I'm starting this thread to post/showcase various creative writing efforts of mine, that being poems and short stories and the like. I'll update this thread as often as I can put together stuff to update with, but to get us started here's a recent effort I threw together in about twenty minutes whilst looking out of the window of a plane (no prizes for guessing where I was flying to). Not my best, but as an exercise in putting words next to other words in order to make them look pretty, it turned out alright.

Dawn over China

I return from the airplane toilet on infant-weak legs, atrophied from seating.
I stumble-walk along the aisle, headrests crutches, and here it is I sit
As I do so, I open the window.

The outside is a line, deep blue grey below the horizon, deep blue above
But there is a line, burning in heraldic glory of the sun's arrival
Orange paints a road in cloud, calligrapher's brush of brilliance and light
In regal purple-red are clad the clouds from where dawn shall come

Below, clouds and mountaintops cannot be distinguished
Scudding white may be vapour, may be snow upon stone
Distance and dimness render them unreal

Above, blue, the blue of relentless July haze-days
Days where the copperplate sun is a whip of heat
No clouds are here to protect from solar glare

At the base of the red light, the first edge of the sun's light is visible
A rising crown, it tickles the cloud, teasing the day with promise

In predawn light, I fancy for a moment that the plane is much lower than it is
I see coasts and hills in distant cumulus
A cove of white rendered grey through illumination-starvation

I stare out of the window, at the altitude of gods
My eye sees nothing below
Cloud, land, is meaningless to me
One may be other, I could never tell

I wait for illumination
I wait for sun's clarification
I wait for sight of the land below
I wait for dawn over China


Colonel Mustard

Just a little something I wrote today, set in the depths of the Kishahn Jungle. Enjoy!

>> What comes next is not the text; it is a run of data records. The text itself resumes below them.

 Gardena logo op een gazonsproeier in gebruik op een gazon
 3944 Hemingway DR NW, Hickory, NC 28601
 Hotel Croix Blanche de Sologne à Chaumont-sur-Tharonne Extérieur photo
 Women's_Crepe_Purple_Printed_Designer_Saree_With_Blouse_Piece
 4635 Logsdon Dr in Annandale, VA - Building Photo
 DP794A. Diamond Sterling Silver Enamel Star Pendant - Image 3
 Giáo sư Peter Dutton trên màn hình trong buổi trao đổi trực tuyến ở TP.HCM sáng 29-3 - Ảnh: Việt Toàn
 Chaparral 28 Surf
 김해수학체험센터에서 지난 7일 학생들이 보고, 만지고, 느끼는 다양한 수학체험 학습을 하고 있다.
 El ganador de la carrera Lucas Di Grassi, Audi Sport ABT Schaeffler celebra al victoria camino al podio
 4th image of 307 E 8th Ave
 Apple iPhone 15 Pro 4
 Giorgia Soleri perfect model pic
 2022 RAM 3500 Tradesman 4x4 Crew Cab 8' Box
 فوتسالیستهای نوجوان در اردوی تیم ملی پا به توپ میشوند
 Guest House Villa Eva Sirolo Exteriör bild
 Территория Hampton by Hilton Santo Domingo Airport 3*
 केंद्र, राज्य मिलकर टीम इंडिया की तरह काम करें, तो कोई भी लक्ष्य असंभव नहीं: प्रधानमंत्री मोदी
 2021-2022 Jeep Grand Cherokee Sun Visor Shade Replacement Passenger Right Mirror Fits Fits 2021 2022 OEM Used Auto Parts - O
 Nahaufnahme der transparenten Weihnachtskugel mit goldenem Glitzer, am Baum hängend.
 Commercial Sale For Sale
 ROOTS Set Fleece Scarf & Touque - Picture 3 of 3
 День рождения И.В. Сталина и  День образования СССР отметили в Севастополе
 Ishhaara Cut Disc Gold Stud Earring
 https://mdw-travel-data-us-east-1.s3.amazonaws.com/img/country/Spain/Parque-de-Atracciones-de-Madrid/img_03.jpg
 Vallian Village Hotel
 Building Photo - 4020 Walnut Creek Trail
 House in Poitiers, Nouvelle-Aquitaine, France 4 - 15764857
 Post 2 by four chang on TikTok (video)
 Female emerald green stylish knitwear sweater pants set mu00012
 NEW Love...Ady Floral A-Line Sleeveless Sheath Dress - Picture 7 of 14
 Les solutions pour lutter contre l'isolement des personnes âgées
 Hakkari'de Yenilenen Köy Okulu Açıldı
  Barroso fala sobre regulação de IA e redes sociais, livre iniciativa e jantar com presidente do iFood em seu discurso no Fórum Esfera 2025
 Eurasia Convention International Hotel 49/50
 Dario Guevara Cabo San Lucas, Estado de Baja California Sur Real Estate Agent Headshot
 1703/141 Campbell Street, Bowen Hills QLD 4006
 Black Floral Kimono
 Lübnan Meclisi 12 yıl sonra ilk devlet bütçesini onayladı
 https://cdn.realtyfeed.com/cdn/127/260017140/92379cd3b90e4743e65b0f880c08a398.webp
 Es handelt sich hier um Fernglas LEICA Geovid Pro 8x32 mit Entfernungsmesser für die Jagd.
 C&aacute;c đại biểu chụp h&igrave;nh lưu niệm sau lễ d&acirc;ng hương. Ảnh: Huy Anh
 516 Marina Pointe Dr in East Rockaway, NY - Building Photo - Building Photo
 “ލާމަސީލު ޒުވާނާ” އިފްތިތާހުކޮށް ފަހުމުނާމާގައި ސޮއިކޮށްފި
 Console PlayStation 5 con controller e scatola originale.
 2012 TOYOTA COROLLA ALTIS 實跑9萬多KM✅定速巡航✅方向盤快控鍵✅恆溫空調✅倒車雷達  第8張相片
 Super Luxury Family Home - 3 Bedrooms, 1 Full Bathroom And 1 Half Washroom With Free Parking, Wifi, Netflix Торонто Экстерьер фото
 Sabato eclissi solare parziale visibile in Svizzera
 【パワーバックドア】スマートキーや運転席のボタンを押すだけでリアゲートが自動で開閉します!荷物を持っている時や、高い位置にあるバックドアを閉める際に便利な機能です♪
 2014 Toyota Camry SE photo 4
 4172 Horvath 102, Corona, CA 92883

The City of the Forgotten God

A dying moon and fading stars shone upon the empty streets of Tzetchilan.

The worn sandstone was shaded white with the light or stained dark by crazes of shadow. Some of these shadows were regular in shape and form, but many were random in their formation, cast by tumbled rubble or the growth of plants.

There were two shadows in the main thoroughfare of this lost metropolis that cast a shape that might be recognisable as humanoid. One of them was a statue of a long dead concubine-king of the city, face carved as a mask of the sun, a wide, flat tongue protruding from its lips and flowing down the chin in a violent grimace. One hand held a carved club, studded with chunks of jewellery and the other hand was held before him, palm up in a gesture that demanded supplication and obeisance from all who passed.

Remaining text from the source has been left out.